Narracja jest taka jak zawsze: to człowiekowi stała się krzywda. Mieszkańcom, wczasowiczom, biznesom, rybakom, którzy nie będą mogli spędzać miło czas nad wodą, rozrywając wnętrza delikatnych rybich pyszczków. Obecnym i przyszłym ludziom.
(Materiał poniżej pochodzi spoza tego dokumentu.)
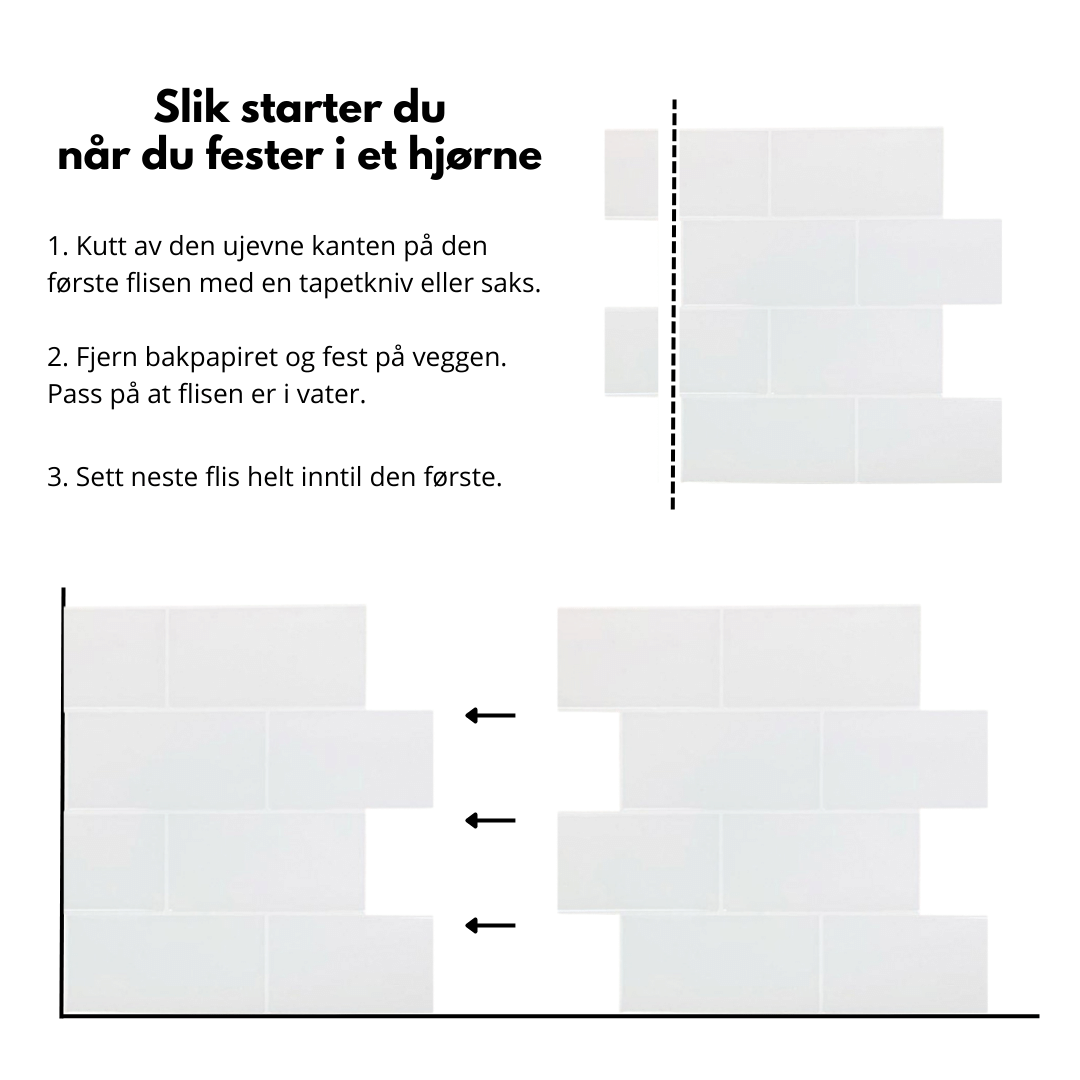 Tunnelbana Vitt kakel med vita fogar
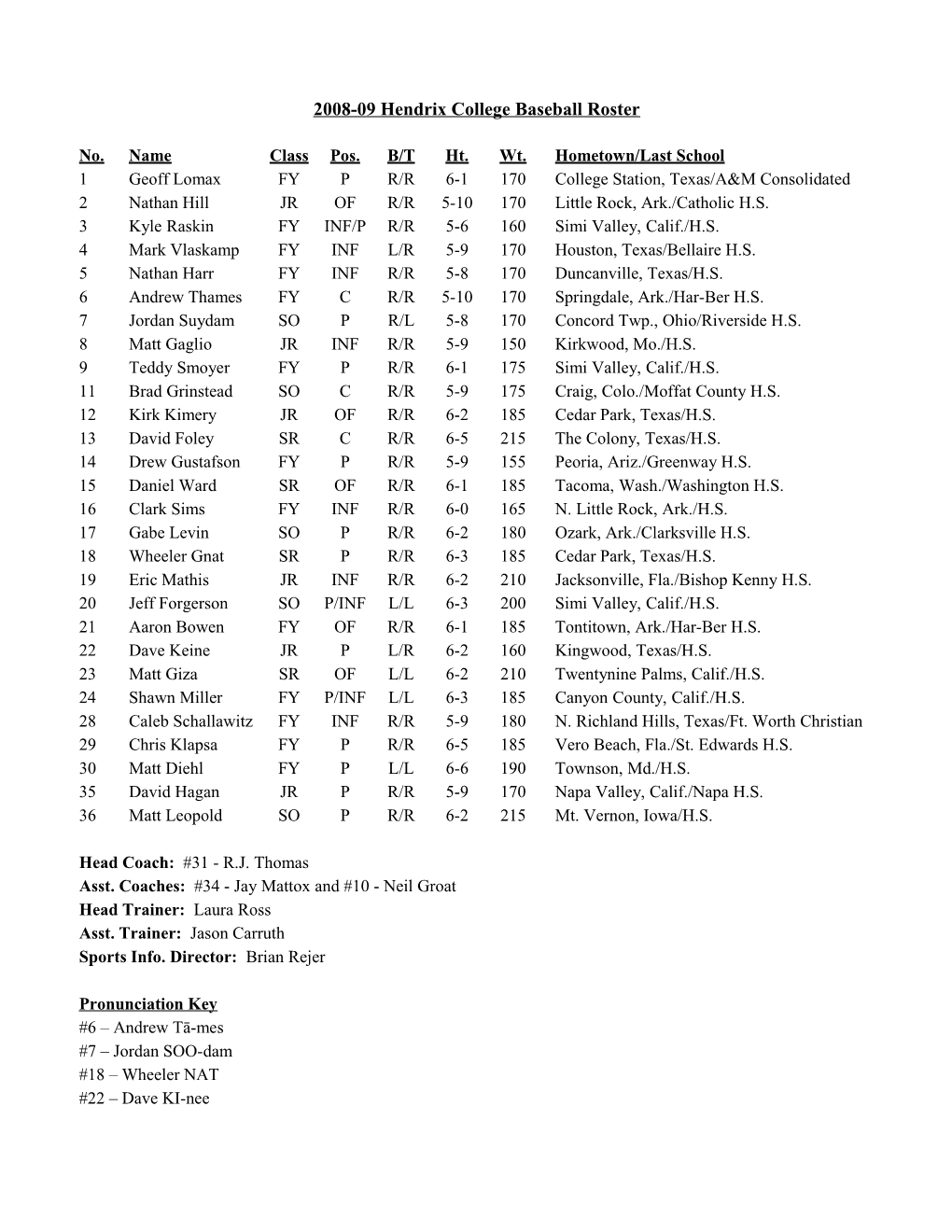 2007-08 Hendrix College Baseball Roster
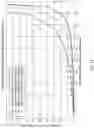Fig. 14 - Systems and methods for concentrating fluid components via distillation and membrane filtration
Wstyd mi, kiedy z empatią, smutkiem i bólem mówią o tych zabitych stworzeniach ludzie spoza Kościoła, często deklarujący ateizm. Takich głosów jest w przestrzeni medialnej mnóstwo, a nikt z moich braci w wierze, z duszpasterzy mojego Kościoła nie zabiera głosu. Potrzebny jest głos w obronie plemienia innych istot, które ludzkie plemię poddało eksterminacji. A tu nikt nie współczuje, nie przeprasza. A jeżeli nawet współczuje, to nie mówi tego, bo ból zwierząt to coś, o czym się w Kościele nie mówi, gdyż…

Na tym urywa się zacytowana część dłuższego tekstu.